Os guardas foram atenciosos, mas firmes na recusa em nos deixar subir aos Cotos, alegadamente para não incomodar as cabras no seu habitat, tendo no entanto acabado por condescender na ida até próximo da Fonte Fria, comprometendo-nos em não ultrapassar, em caso algum, a ribeira Corga da Tulha.
Passados estes momentos críticos, que quase deitaram por terra esta jornada, lá fomos avançando mais aliviados, mas cientes da necessidade de futuramente passar a fazer o pedido antecipado, de modo a evitar mais problemas burocráticos.
Descemos aos Fornos e depois de cruzar a ponte de troncos da ribeira dos Fornos, iniciamos a subida para a Fonte Fria, tendo circundado a imponente Fraga da Brazalite e continuado junto à Corga da Tulha até à Fonte Fria, sem nunca ultrapassar a ribeira, conforme as orientações dos guardas do parque.
Entretanto, desceu um forte nevoeiro que nos teria impedido de qualquer tentativa de subida aos Cornos, mesmo que para tal houvesse a tal autorização, pelo que o grupo regressou aos Formos, para fazer a pausa do almoço.
Um pequeno grupo teimosamente continuou até à fronteira Espanhola, tendo cruzado o marco 200, mas logo regressado, pois o nevoeiro era cada vez mais e punha em perigo a orientação para o regresso, já auxiliada pelo GPS, sempre indispensável para estas andanças.

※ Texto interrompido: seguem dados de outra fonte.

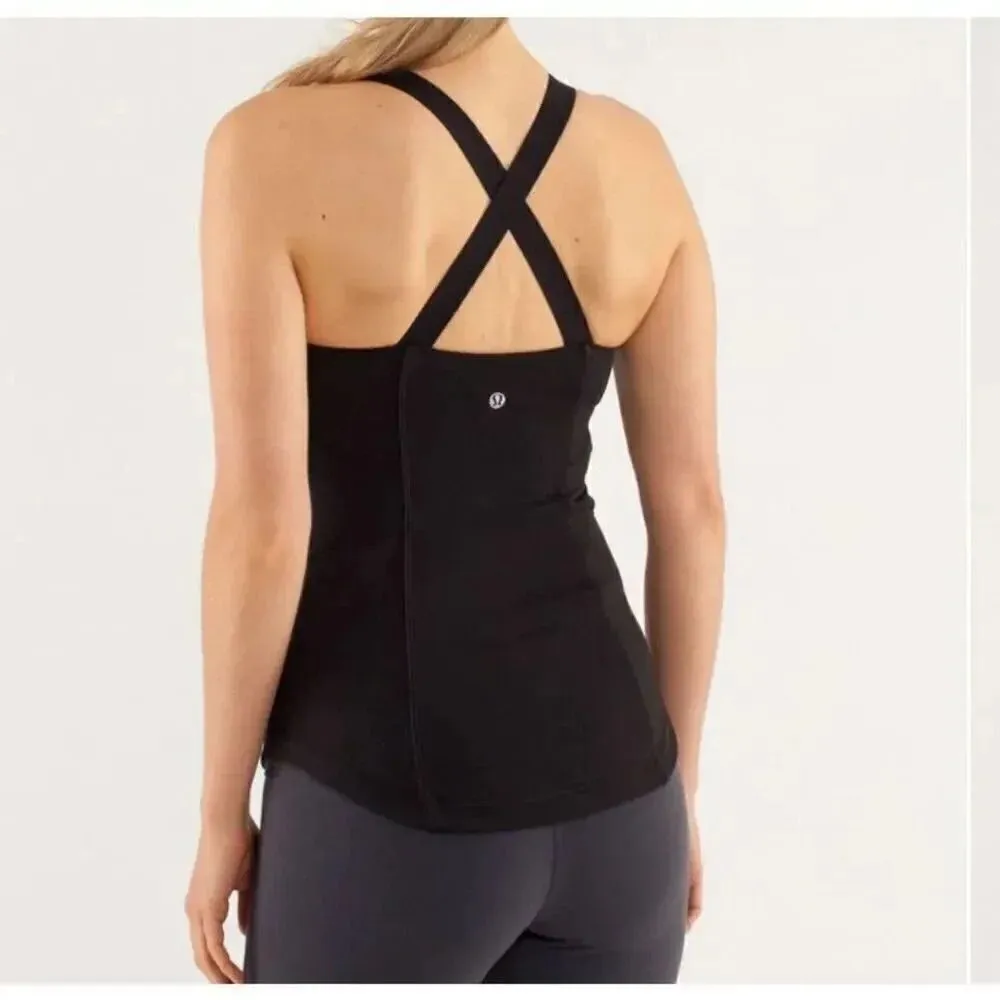 LULULEMON | Work It Out Tank Solid Black Built-in Bra | Size 4 - Image 2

Já reunidos, iniciamos rapidamente o regresso pelo mesmo caminho, tendo entretanto o nevoeiro levantado, tão depressa quanto apareceu, deixando então divisar claramente os Cornos e toda a envolvente.
É realmente um espectáculo! Fica para a próxima!

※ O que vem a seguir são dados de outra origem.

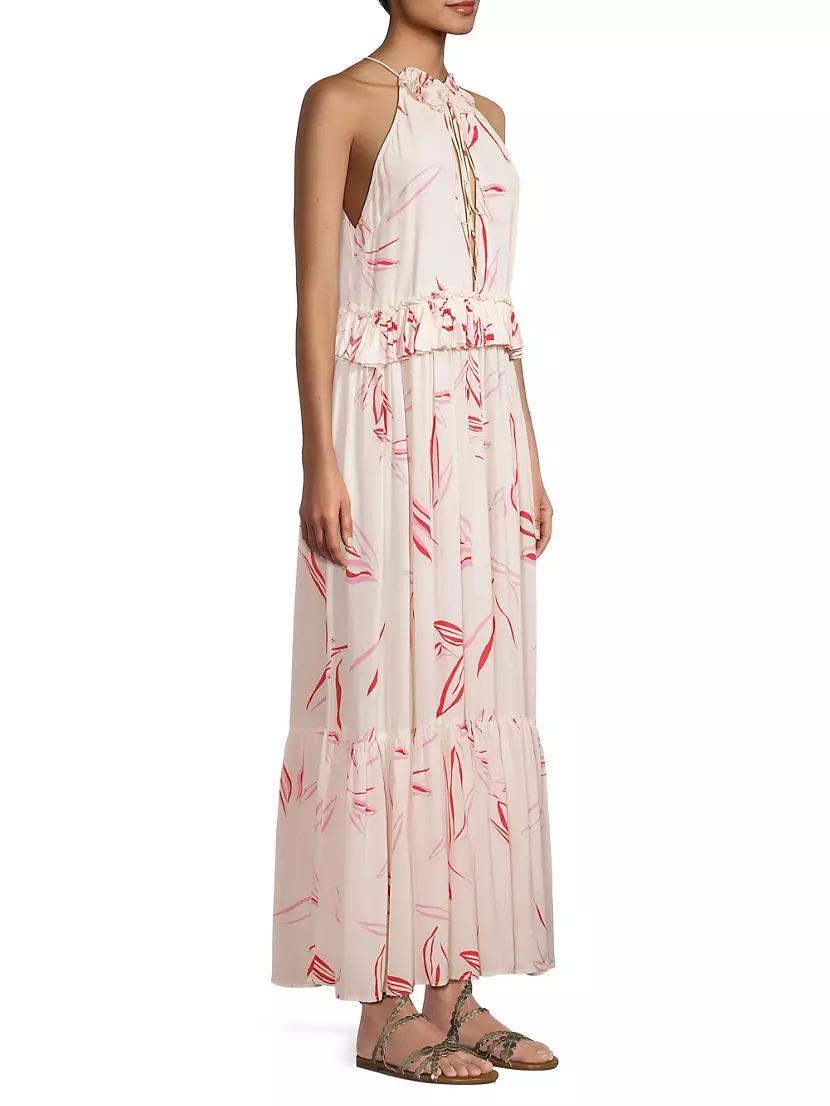 Summer Reverie Alegra Keyhole Crêpe De Chine Maxi Dress Product Image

Chegados a Pitões, os mais cansados recolheram para merecido descanso, mas os mais teimosos foram pelo caminho antigo até Juriz, apreciando o altar em que pousavam o santo na peregrinação a S. João da Fraga e depois o Castelo de Juriz, encimado por cruz de pedra incrustada no enorme penedo.
Um pouco mais à frente cruzamos a Aldeia Velha de Juriz, antigo castro, quase completamente oculto pela vegetação e depois fomos até ao Porto da Laje, onde anualmente se faz a festa de S. João da Fraga, tomando finalmente o caminho novo, agora totalmente calcetado, que nos conduziu a Pitões.

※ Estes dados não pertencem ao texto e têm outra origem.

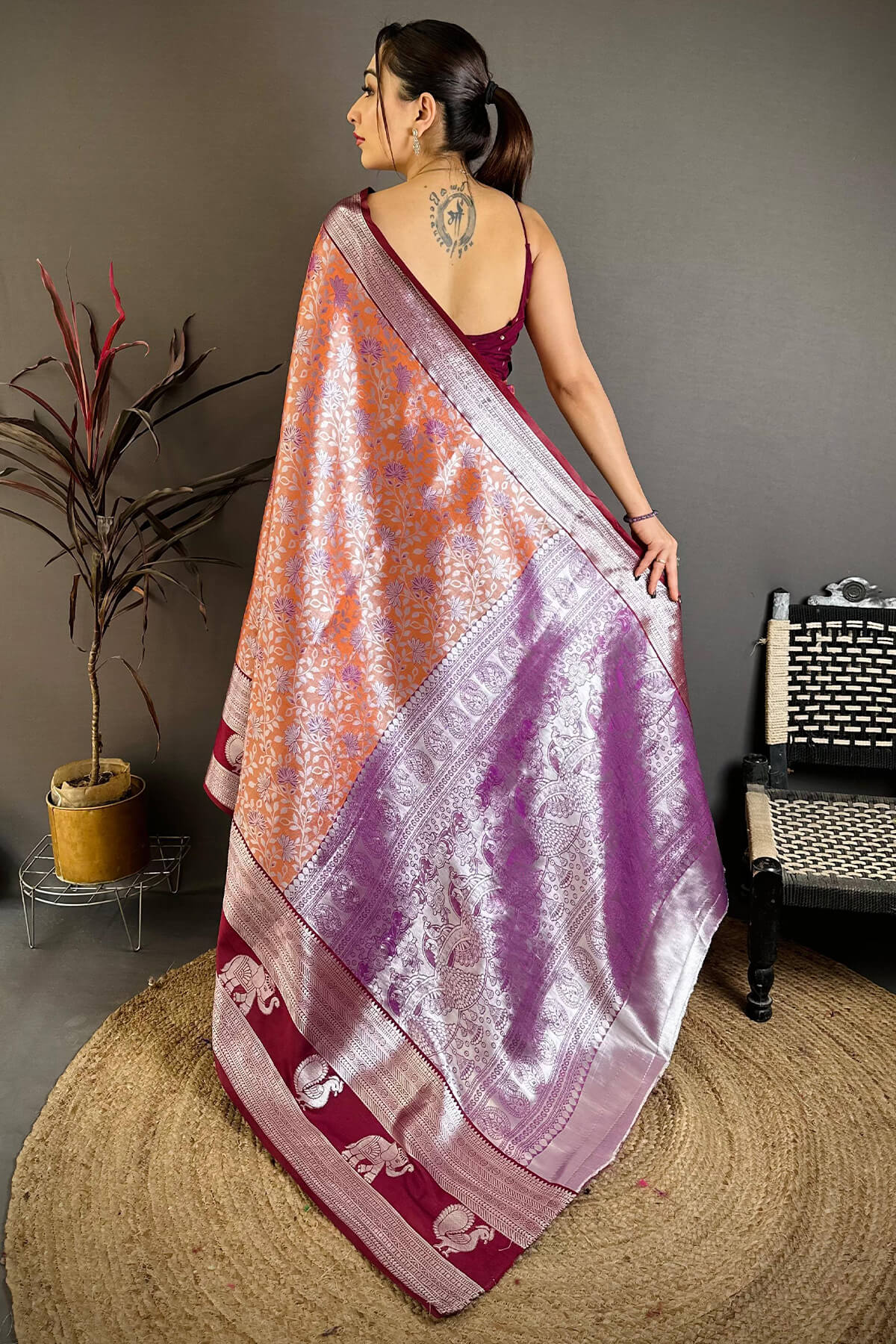 Beauteous Orange Kanjivaram Silk Saree With Scrumptious Blouse Piece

É uma subida íngreme, curta mas dura, que obrigou a um esforço extra, ultrapassado por alguns menos preparados, ou mais preguiçosos, pelas boleias que o Filipe Barroso e Pimenta proporcionaram. Ai este caminheiros motorizados que tão facilmente desistem!
Os que ficaram foram à posta barrosã, aproveitando o Pimenta para a oferta aos presentes de uma lembrança, muito apreciada por todos.
Findou assim mais uma jornada, em que o suspense inicial, de desastre eminente, acabou por se tornar num dia muito interessante e enriquecedor.
Os agradecimentos à Helena e muito especialmente ao Mesquita, que mais uma vez foi inexcedível na organização e logística.